### What you should do
Retype exactly the lines from the one containing "500 LED Solar" through the last line of the records below, including both, and leave out any pictures.

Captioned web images

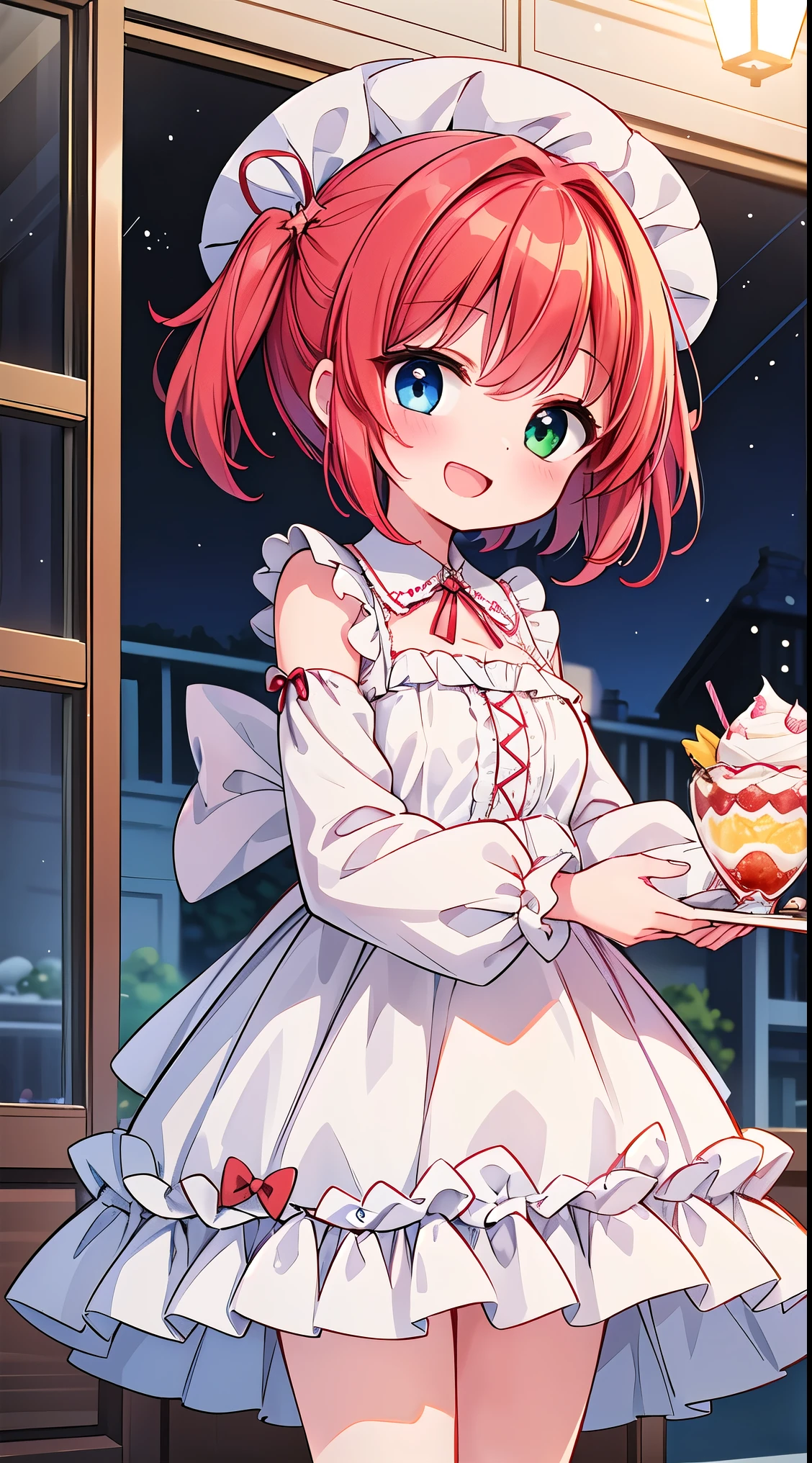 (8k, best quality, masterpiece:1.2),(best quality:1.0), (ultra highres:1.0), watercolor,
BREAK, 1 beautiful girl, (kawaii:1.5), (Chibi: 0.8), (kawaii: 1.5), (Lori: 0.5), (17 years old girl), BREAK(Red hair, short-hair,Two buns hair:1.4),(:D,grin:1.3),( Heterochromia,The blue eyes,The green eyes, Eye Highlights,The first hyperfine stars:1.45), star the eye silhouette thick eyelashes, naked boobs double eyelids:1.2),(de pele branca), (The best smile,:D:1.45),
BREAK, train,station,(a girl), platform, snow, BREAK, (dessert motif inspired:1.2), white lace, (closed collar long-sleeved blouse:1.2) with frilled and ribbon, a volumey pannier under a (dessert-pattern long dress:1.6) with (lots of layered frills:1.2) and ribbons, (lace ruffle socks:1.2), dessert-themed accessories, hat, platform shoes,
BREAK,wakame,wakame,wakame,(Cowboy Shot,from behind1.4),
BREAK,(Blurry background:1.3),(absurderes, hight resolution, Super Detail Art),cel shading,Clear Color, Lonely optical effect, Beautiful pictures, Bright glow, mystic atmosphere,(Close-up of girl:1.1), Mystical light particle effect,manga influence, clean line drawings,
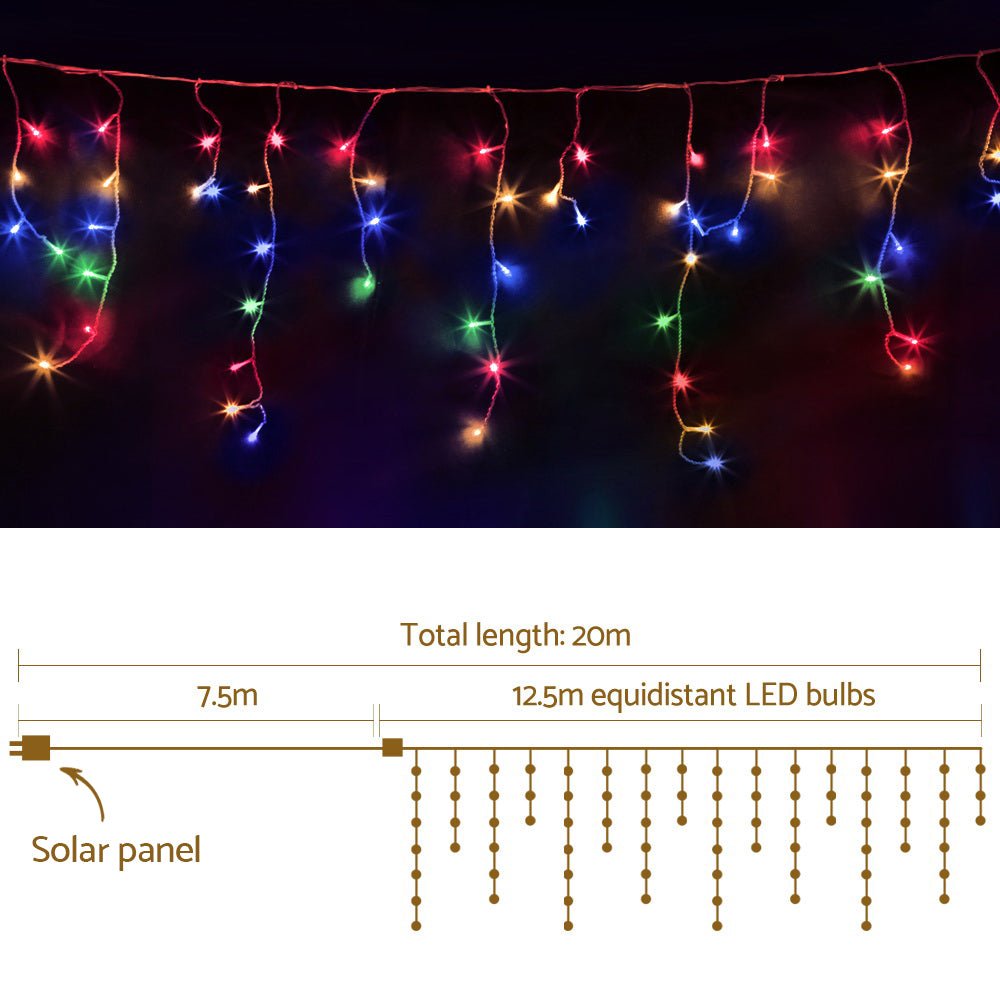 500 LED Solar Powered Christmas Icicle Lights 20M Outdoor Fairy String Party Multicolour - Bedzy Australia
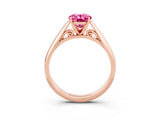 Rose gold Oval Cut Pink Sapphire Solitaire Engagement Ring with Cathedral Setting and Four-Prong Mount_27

### Worked solution
 500 LED Solar Powered Christmas Icicle Lights 20M Outdoor Fairy String Party Multicolour - Bedzy Australia
 Rose gold Oval Cut Pink Sapphire Solitaire Engagement Ring with Cathedral Setting and Four-Prong Mount_27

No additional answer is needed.